A unit of Bendigo and Adelaide Bank handling the collection of loans to investors in Great Southern Plantations schemes has been called out by the Banking Code Compliance Committee for “systemic and serious” breaches of the banking code.

It is the first time the BCCC has used the sanction of naming a bank for non-compliance with the code.

It said the bank breached provisions of the code relating to debt collection, financial difficulty, complaints handling, privacy and confidentiality, training and competence, complying with BCCC requests and acting fairly and reasonably.

In 2009, Great Southern Plantations, an operator of agribusiness managed investment schemes with A$1.8 billion of investors’ funds, went into liquidation.

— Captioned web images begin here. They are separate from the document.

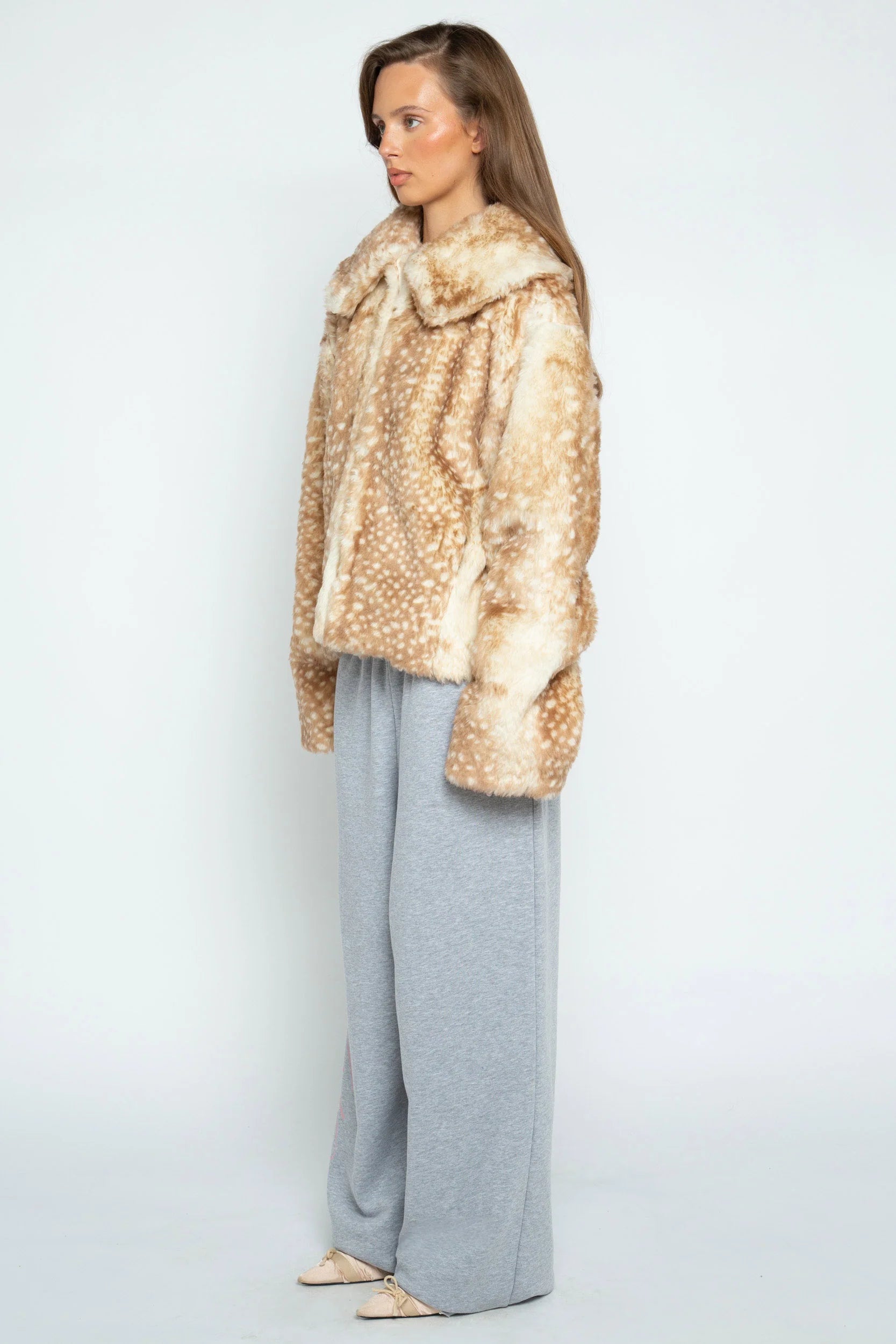 BAMBI - FAWN PRINT FAUX FUR COAT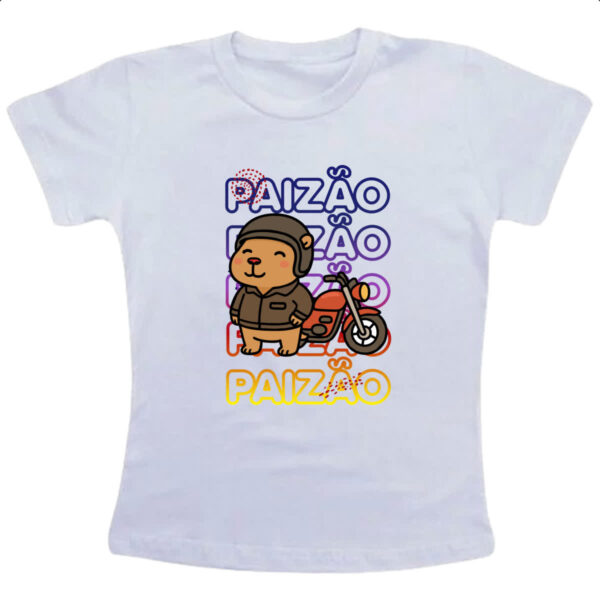 Camiseta Infanto Juvenil Capivara Paizao Motoqueiro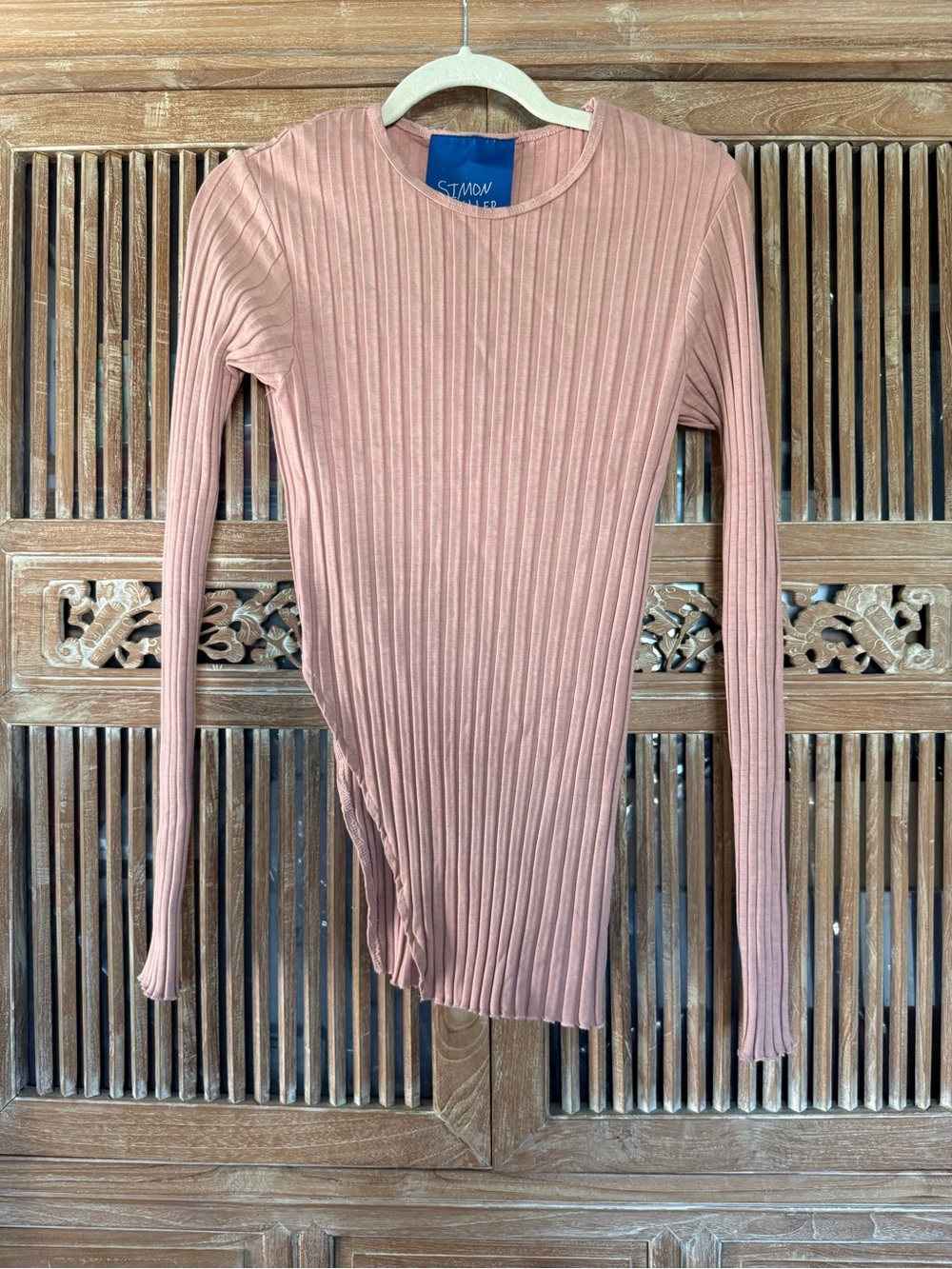 Simon Miller Long-Sleeve Rib Top in Dusty Rose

Bendigo and Adelaide was a provider of loans to Great Southern Finance and when the agribusiness failed the bank had 8,200 borrowers with a total of $556 million of loans taken out to fund investments in Great Southern funds.

Great Southern investors who funded their investments with loans sold by Great Southern Finance pursued a class action against Bendigo and Adelaide Bank for relief from their loans.

The claim that the product disclosure statements were defective failed and in 2015 Bendigo started loan recovery action. The bank has been involved in a number of court cases, with mixed results.

An audit of the Great Southern lending unit, ordered by the BCCC, found that it was largely segregated from the bank’s broader operations and had inadequate systems, processes and resources to cope with its collections activity.

The BCCC found that there was a lack of oversight from the bank, which led to a failure to build a strong compliance framework.

It said the bank has worked on the problems since the completion of the audit and has remediated customers who were adversely affected by the non-compliance.

According to Bendigo and Adelaide’s 2019/20 financial report, the Great Southern portfolio has run down to only $20 million. The bank took provisions over 25 per cent of the portfolio and wrote off $900,000 of bad debts.